** Listed entries **
=-=-=
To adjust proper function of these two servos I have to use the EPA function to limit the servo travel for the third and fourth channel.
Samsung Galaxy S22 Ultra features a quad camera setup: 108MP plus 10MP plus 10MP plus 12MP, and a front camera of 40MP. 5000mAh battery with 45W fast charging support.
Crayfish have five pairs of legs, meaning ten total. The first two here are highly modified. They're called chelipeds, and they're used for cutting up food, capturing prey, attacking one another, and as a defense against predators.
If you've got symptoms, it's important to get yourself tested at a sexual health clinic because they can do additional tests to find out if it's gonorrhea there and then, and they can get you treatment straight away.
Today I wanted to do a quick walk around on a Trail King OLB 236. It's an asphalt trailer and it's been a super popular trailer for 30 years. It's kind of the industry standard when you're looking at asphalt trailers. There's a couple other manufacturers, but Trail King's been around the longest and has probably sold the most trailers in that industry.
=-=-=
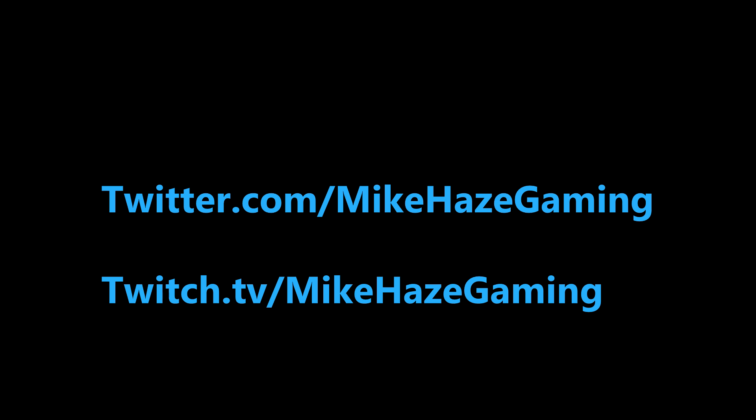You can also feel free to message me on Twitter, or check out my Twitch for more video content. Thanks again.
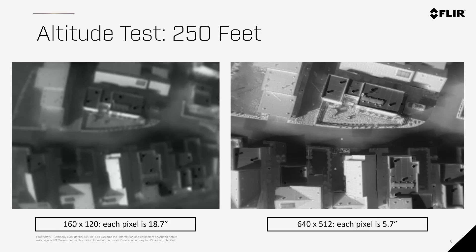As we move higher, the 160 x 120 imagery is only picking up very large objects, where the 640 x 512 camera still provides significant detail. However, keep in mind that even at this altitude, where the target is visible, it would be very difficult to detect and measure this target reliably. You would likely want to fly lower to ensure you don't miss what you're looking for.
=-=-=
** Task details **
Out of the entries, report each line that contains the word "have".

** Exercise answer **
To adjust proper function of these two servos I have to use the EPA function to limit the servo travel for the third and fourth channel.
Crayfish have five pairs of legs, meaning ten total. The first two here are highly modified. They're called chelipeds, and they're used for cutting up food, capturing prey, attacking one another, and as a defense against predators.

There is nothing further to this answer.